### [Problem]
Copy out the records precisely, omitting pictures.

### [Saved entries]
---------------

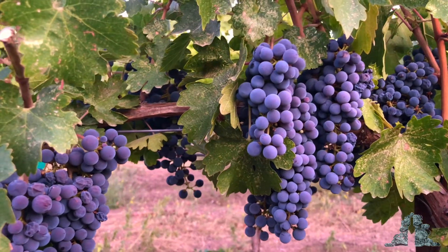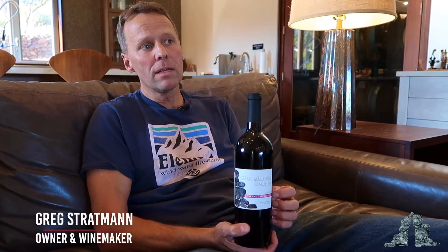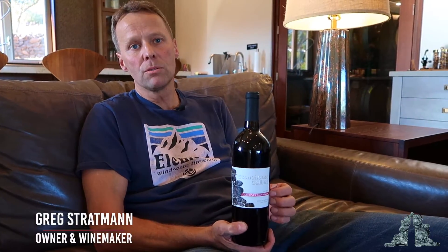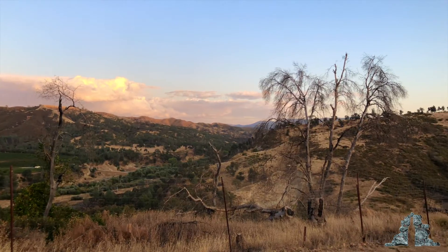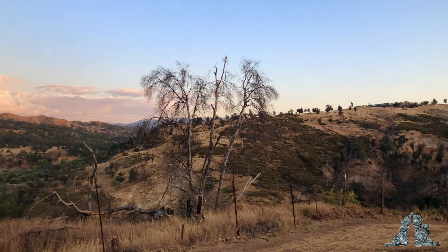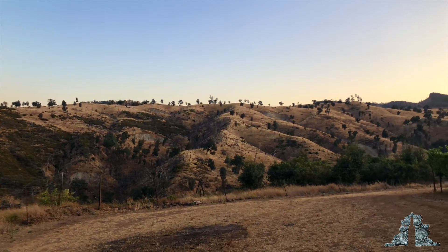Mimulus is the Latin term for a flower that grows on this property, that was used by the Pomo Indians for medicinal purposes. I can't wait to taste this.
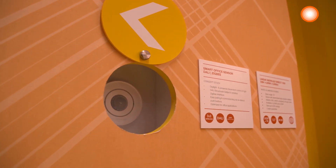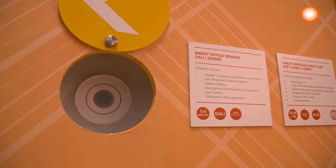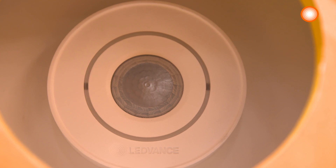Here we have our smart sensor for offices. It's a flexible sensor and applicable for DALI and Zigbee environments.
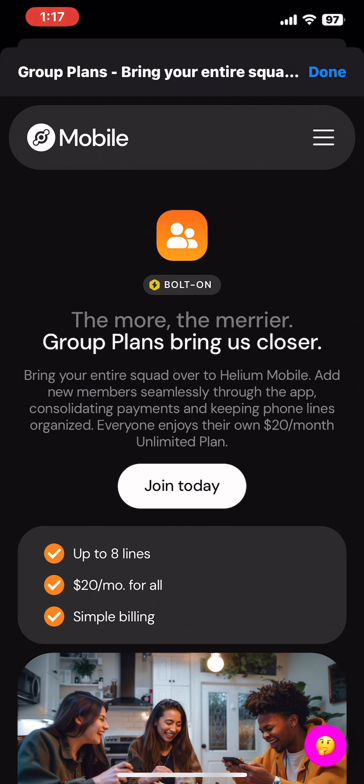Pretty cool — just announced. I just got the notification a few minutes ago, so we'll see how this goes. It is a bolt-on to your plan, which is why it's called a bolt-on. Very interesting what Helium is doing and the moves they're making. Let me know your thoughts in the comments, and thanks for checking this out.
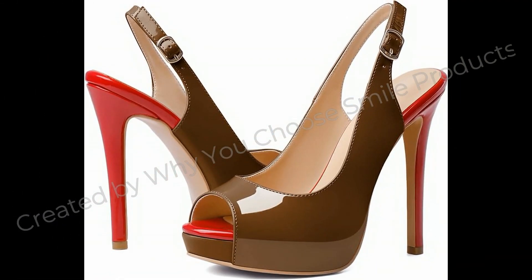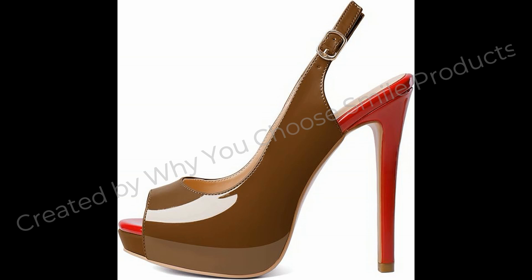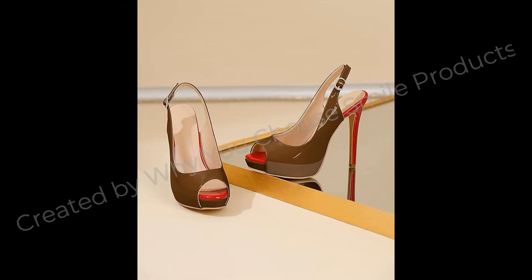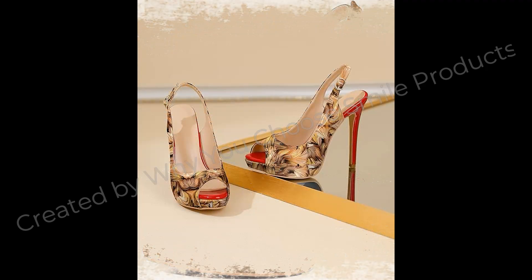Slingback, Peep Toe, Platform, Stiletto Heel, and an Adjustable Ankle Strap — these are the features that make a perfect pair of pumps or sandals. If you are looking for stylish yet comfortable footwear, then this is the style for you. The Slingback Heel is perfect for keeping your feet secure while allowing them to breathe. It's a classic and timeless style that can be dressed up or down. The Peep Toe adds a touch of elegance to the design, while also providing ventilation and comfort for your toes.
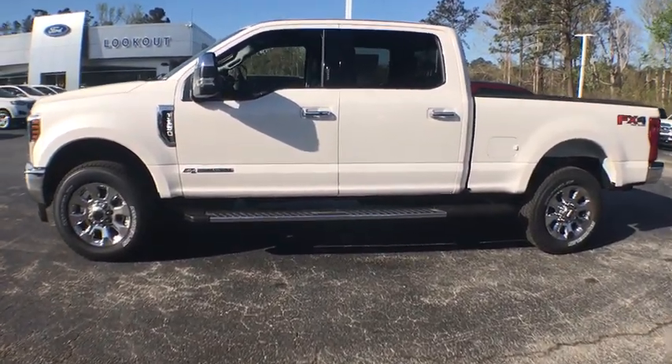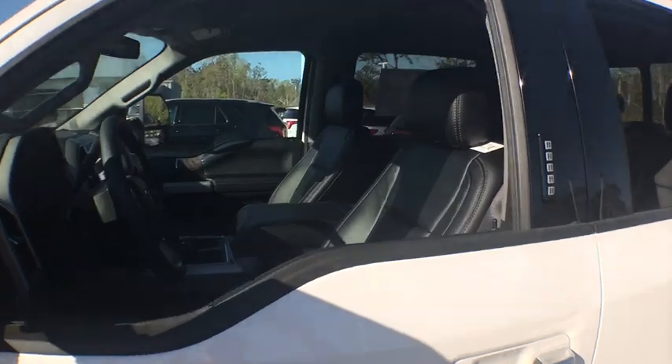This vehicle has less than 100 miles. Here are some of this vehicle's great options.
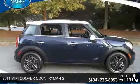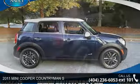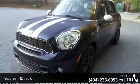Check out this 2011 Mini Cooper Countryman S. If you are looking for an automobile with great features, look no further. This vehicle comes with a reliable 4-cylinder engine connected to a smooth-shifting automatic transmission.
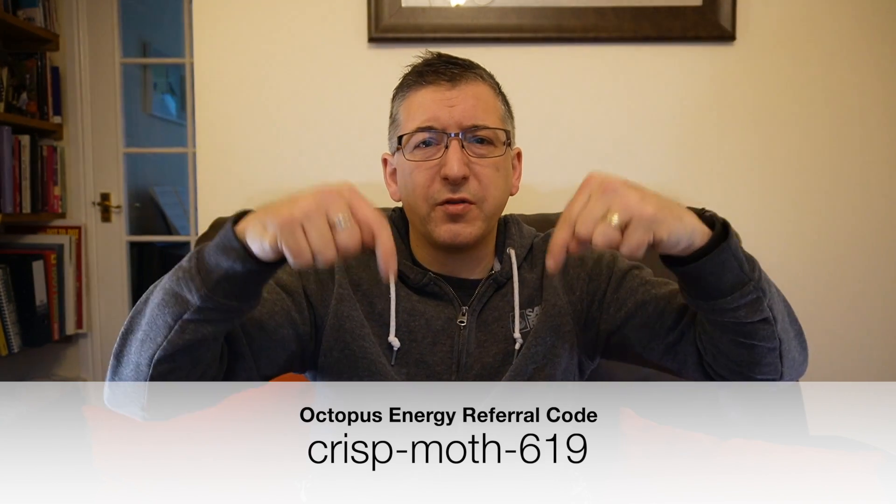If you're not a customer of Octopus Energy already then please do consider signing up with them. They are a very good energy supplier and if you sign up using my code that's on the screen right now then we both get £50, and yes it helps to support the channel — so thank you. Anyway, on with the install.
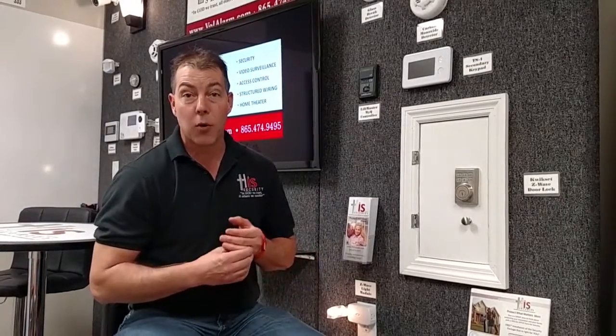If you want to know more about interactive security systems and more advanced features like this, give us a call at his Security: 865-474-9495, or visit us online at volalarm.com. Again, this is Scott Brokamp, his Security — in God we trust, all others we monitor.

---------------

### [Exercise solution]
Mimulus is the Latin term for a flower that grows on this property, that was used by the Pomo Indians for medicinal purposes. I can't wait to taste this.
Here we have our smart sensor for offices. It's a flexible sensor and applicable for DALI and Zigbee environments.
Pretty cool — just announced. I just got the notification a few minutes ago, so we'll see how this goes. It is a bolt-on to your plan, which is why it's called a bolt-on. Very interesting what Helium is doing and the moves they're making. Let me know your thoughts in the comments, and thanks for checking this out.
Slingback, Peep Toe, Platform, Stiletto Heel, and an Adjustable Ankle Strap — these are the features that make a perfect pair of pumps or sandals. If you are looking for stylish yet comfortable footwear, then this is the style for you. The Slingback Heel is perfect for keeping your feet secure while allowing them to breathe. It's a classic and timeless style that can be dressed up or down. The Peep Toe adds a touch of elegance to the design, while also providing ventilation and comfort for your toes.
This vehicle has less than 100 miles. Here are some of this vehicle's great options.
Check out this 2011 Mini Cooper Countryman S. If you are looking for an automobile with great features, look no further. This vehicle comes with a reliable 4-cylinder engine connected to a smooth-shifting automatic transmission.
If you're not a customer of Octopus Energy already then please do consider signing up with them. They are a very good energy supplier and if you sign up using my code that's on the screen right now then we both get £50, and yes it helps to support the channel — so thank you. Anyway, on with the install.
If you want to know more about interactive security systems and more advanced features like this, give us a call at his Security: 865-474-9495, or visit us online at volalarm.com. Again, this is Scott Brokamp, his Security — in God we trust, all others we monitor.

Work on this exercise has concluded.